- Task details:
From the listing below, please restate exactly the lines beginning at the one with "Farmer and His Camel" and ending at the one with "Terreno à Venda", both included, and skip the pictures.

- Listed entries:
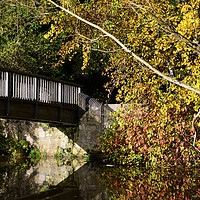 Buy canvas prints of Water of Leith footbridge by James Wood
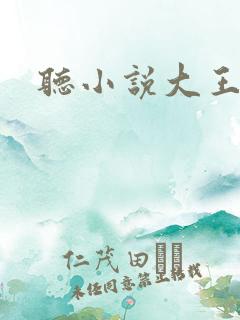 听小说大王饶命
==
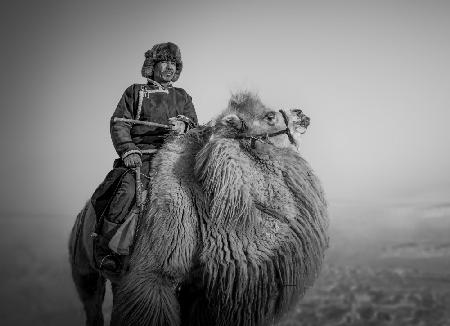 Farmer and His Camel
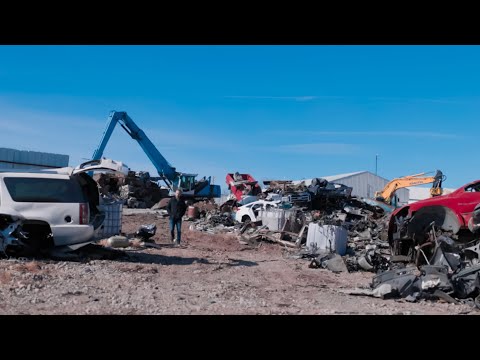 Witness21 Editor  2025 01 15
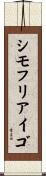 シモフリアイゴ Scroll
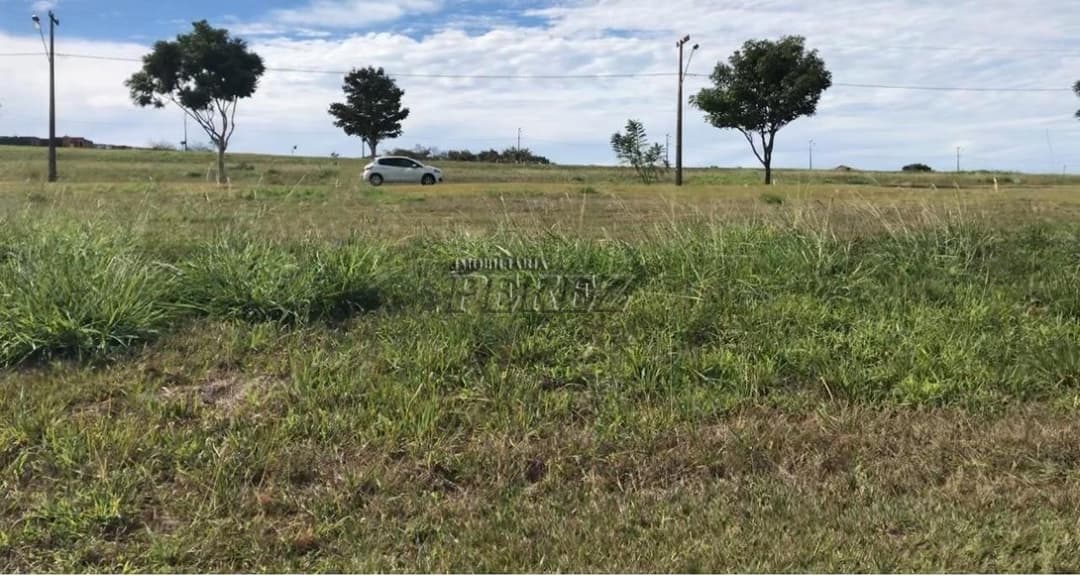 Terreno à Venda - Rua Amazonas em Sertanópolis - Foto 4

- The completed task:
 Farmer and His Camel
 Witness21 Editor  2025 01 15
 シモフリアイゴ Scroll
 Terreno à Venda - Rua Amazonas em Sertanópolis - Foto 4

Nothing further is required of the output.